#### [Aim of the exercise]
Images do not belong in the copy; retype the rest of the entries below exactly.

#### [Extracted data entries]
_____
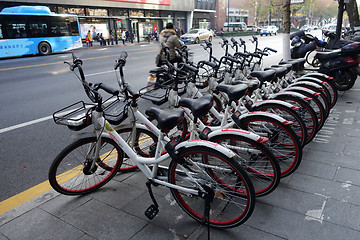 Image showing Shared bikes on the side of the road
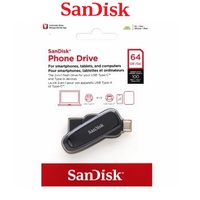 Flash Drive SanDisk Phone Drive Type C Android Phone Tablets 64GB Black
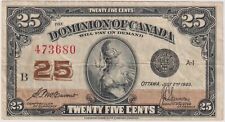1923 25 Cents Dominion of Canada  Shinplaster   Fine   inv#864
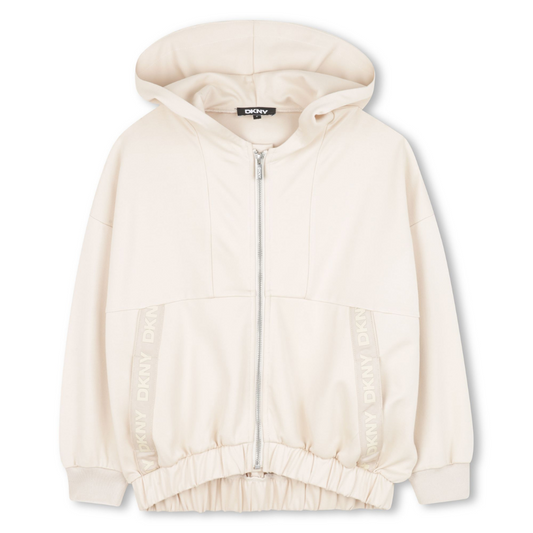 DKNY - Girls Beige Jersey Zip-Up Jacket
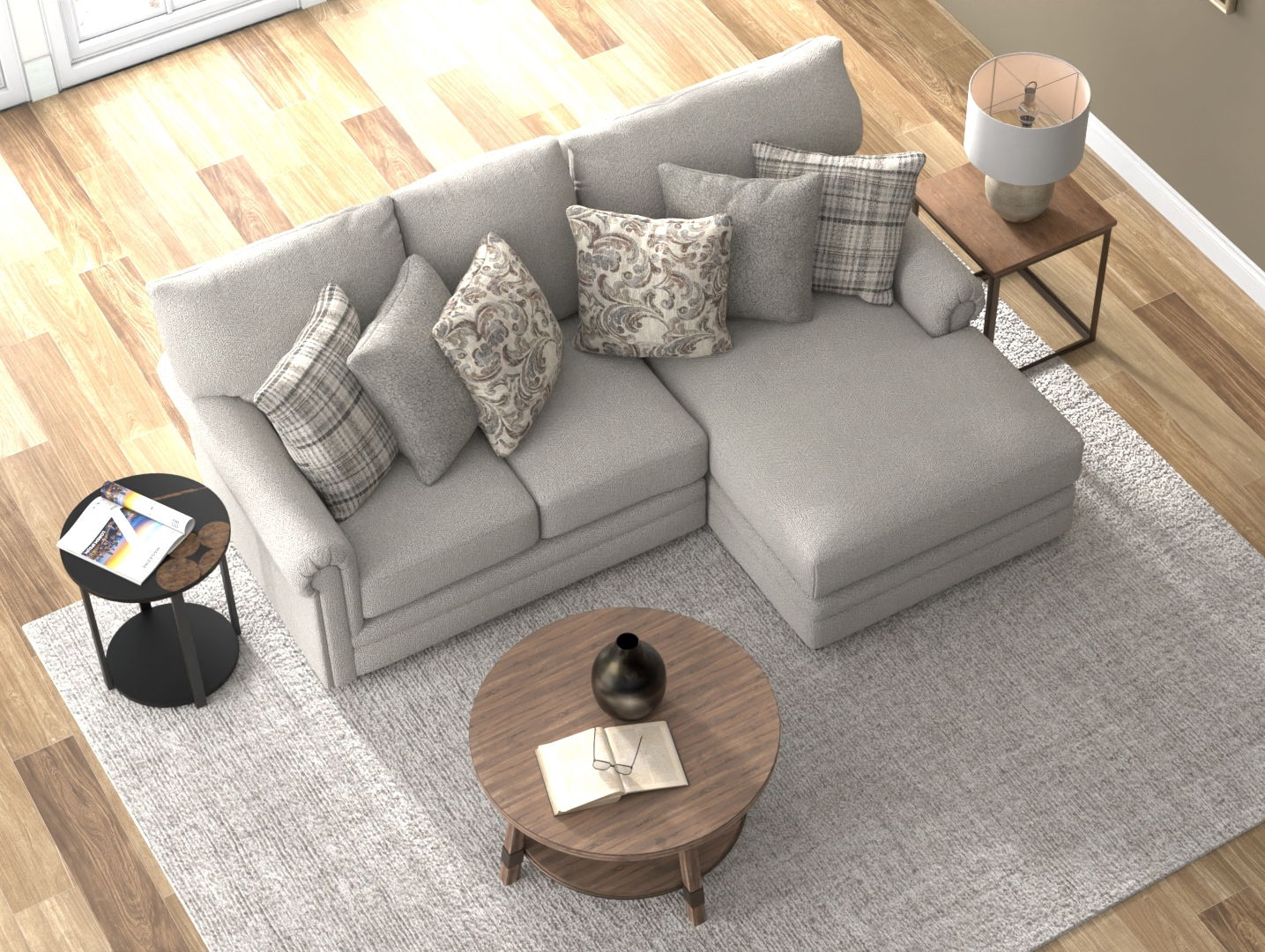 Livingston - Sectional With Comfort Coil Seating And Accent Pillows Included - Hornell Furniture Outlet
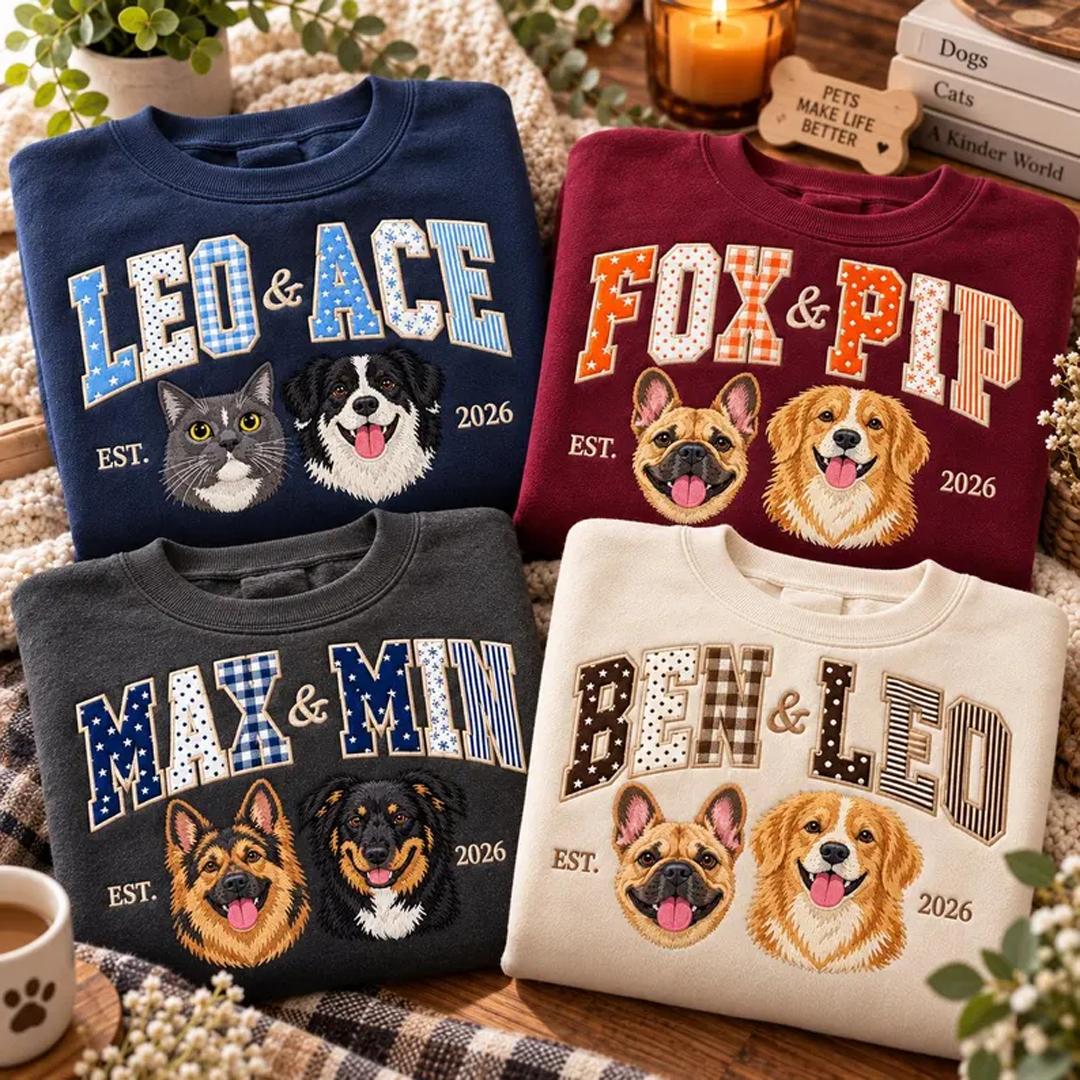 Custom Two-Pet Portrait Name Sweatshirt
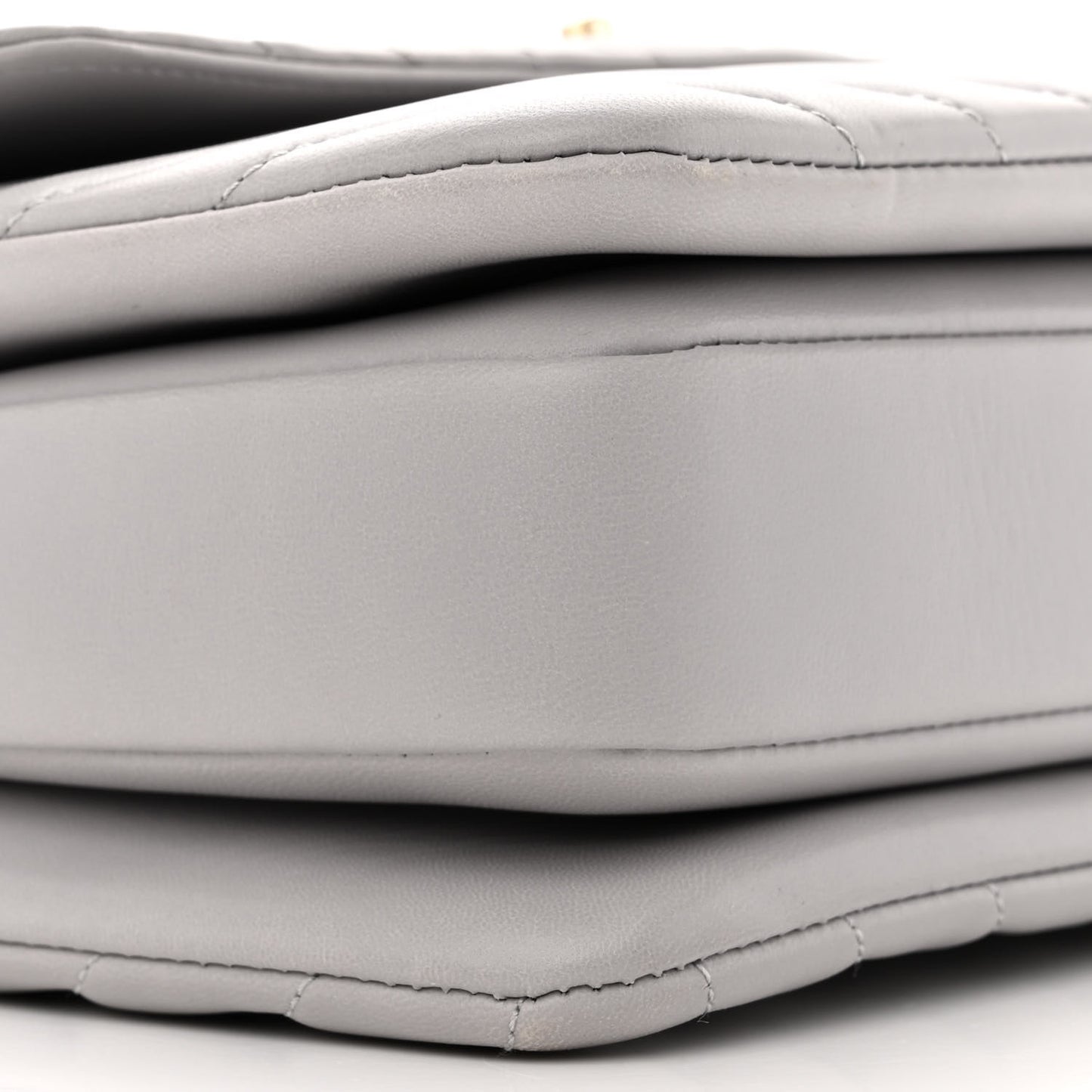 Lambskin Chevron Quilted Medium Trendy CC Dual Handle Flap Bag Grey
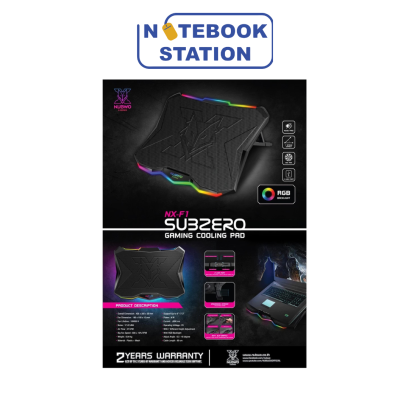 COOLING PAD อุปกรณ์ระบายความร้อนโน้ตบุ๊ค NUBWO NX-F1 SUBZERO (RGB)(BLACK) ราคา 490.-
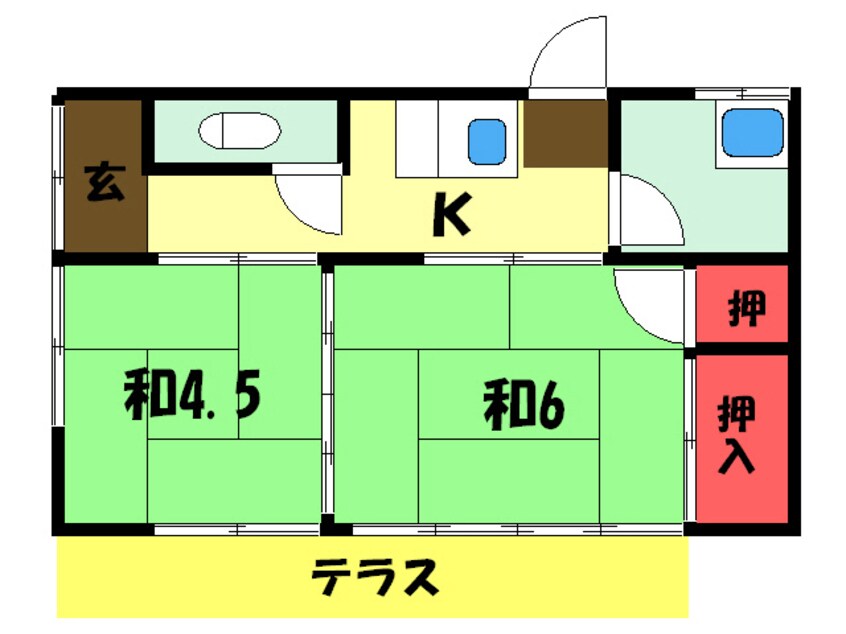 間取図 総武本線/物井駅 徒歩3分 1階 築47年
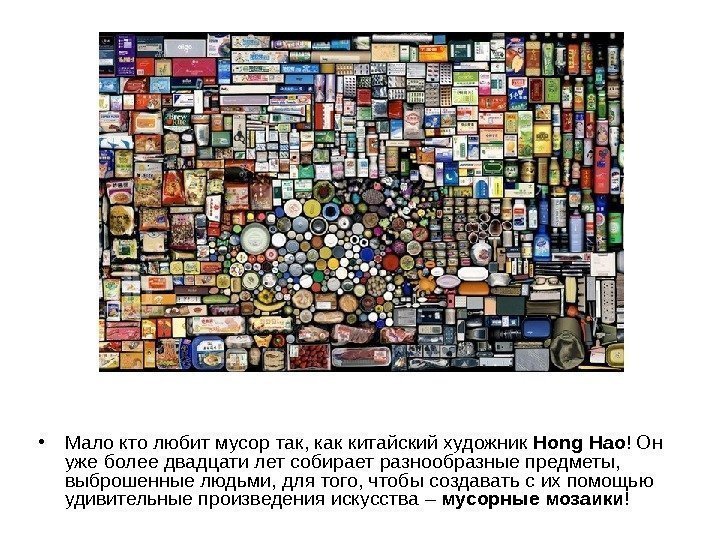  • Мало кто любит мусор так, как китайский художник Hong Hao ! Он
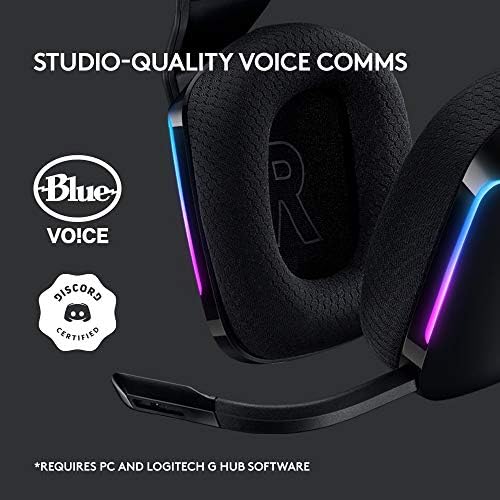 Logitech - Auriculares inalámbricos G733 Lightspeed para juegos, con diadema de suspensión, Lightsync RGB, tecnología de micrófono Blue VO!CE y controladores de audio PRO-G, color negro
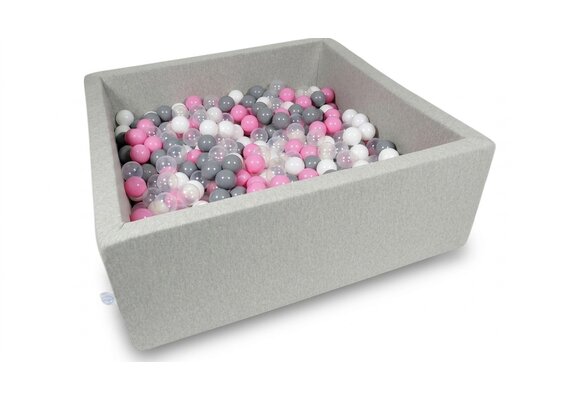 Ballenbak - 600 ballen - 110 x 110 cm - ballenbad - vierkant grijs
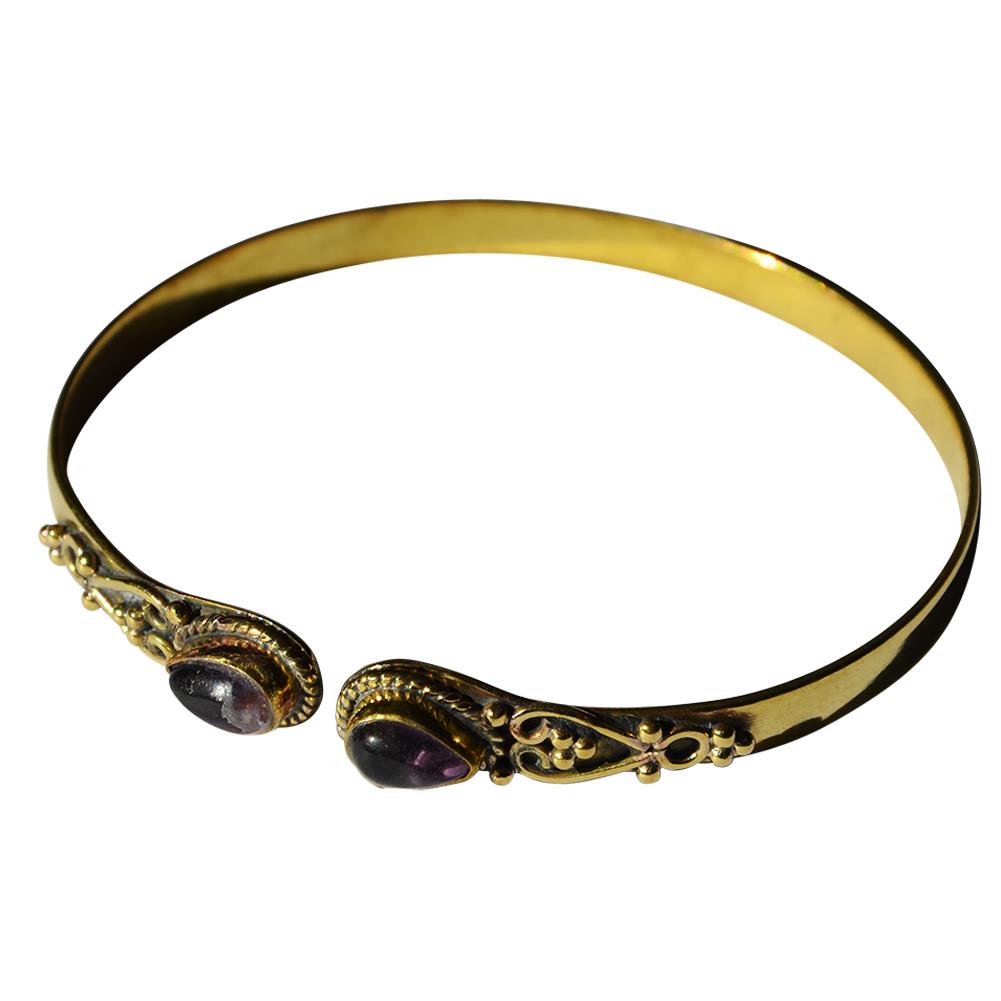 Messing Armreif gold Amethyst Tropfen verstellbar verziert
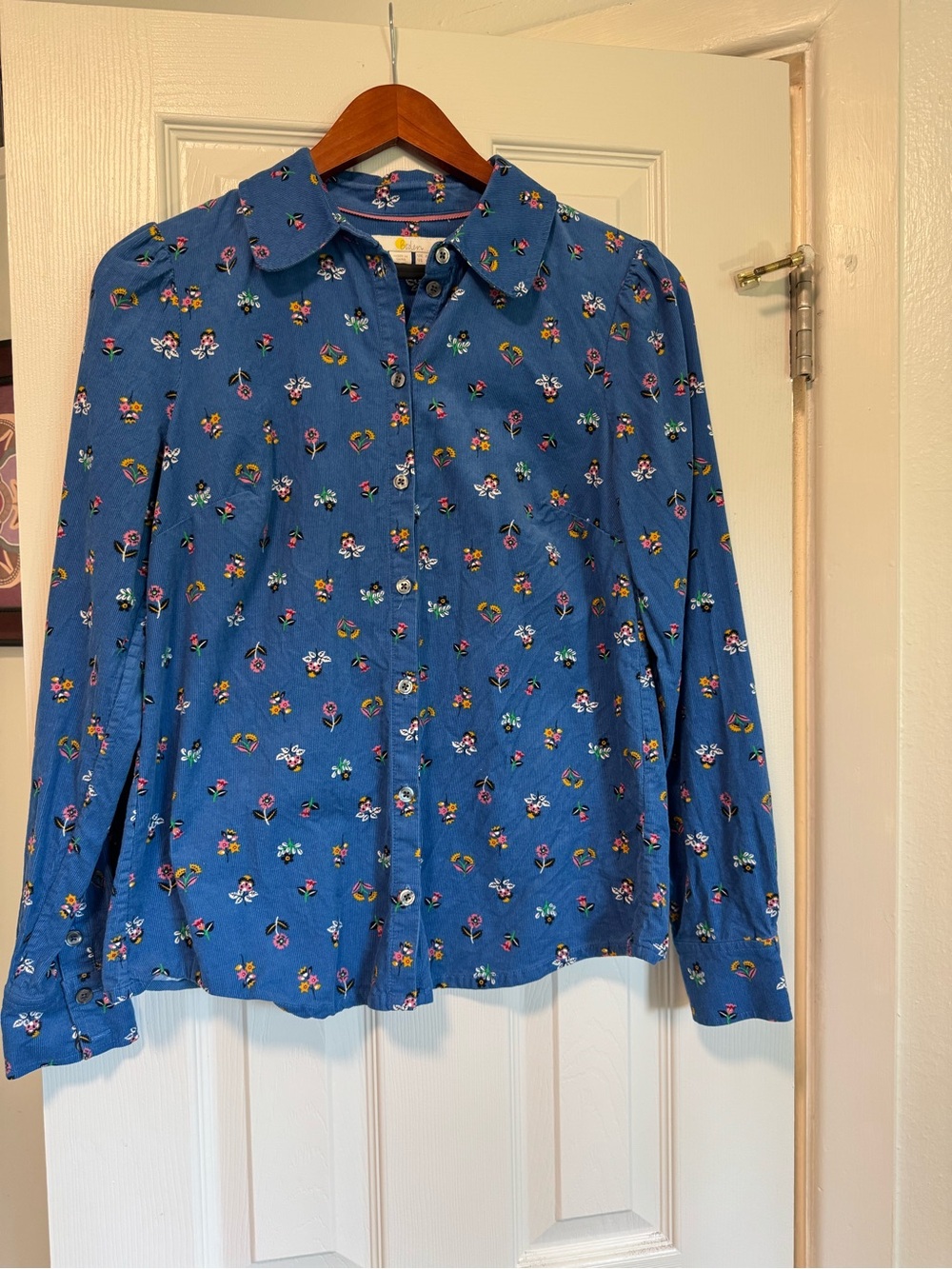 Boden Blue Corduroy Button Down Shirt with Floral Print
_____
#### [Exercise answer]
 Image showing Shared bikes on the side of the road
 Flash Drive SanDisk Phone Drive Type C Android Phone Tablets 64GB Black
1923 25 Cents Dominion of Canada  Shinplaster   Fine   inv#864
 DKNY - Girls Beige Jersey Zip-Up Jacket
 Livingston - Sectional With Comfort Coil Seating And Accent Pillows Included - Hornell Furniture Outlet
 Custom Two-Pet Portrait Name Sweatshirt
 Lambskin Chevron Quilted Medium Trendy CC Dual Handle Flap Bag Grey
 COOLING PAD อุปกรณ์ระบายความร้อนโน้ตบุ๊ค NUBWO NX-F1 SUBZERO (RGB)(BLACK) ราคา 490.-
 間取図 総武本線/物井駅 徒歩3分 1階 築47年
  • Мало кто любит мусор так, как китайский художник Hong Hao ! Он
 Logitech - Auriculares inalámbricos G733 Lightspeed para juegos, con diadema de suspensión, Lightsync RGB, tecnología de micrófono Blue VO!CE y controladores de audio PRO-G, color negro
 Ballenbak - 600 ballen - 110 x 110 cm - ballenbad - vierkant grijs
 Messing Armreif gold Amethyst Tropfen verstellbar verziert
 Boden Blue Corduroy Button Down Shirt with Floral Print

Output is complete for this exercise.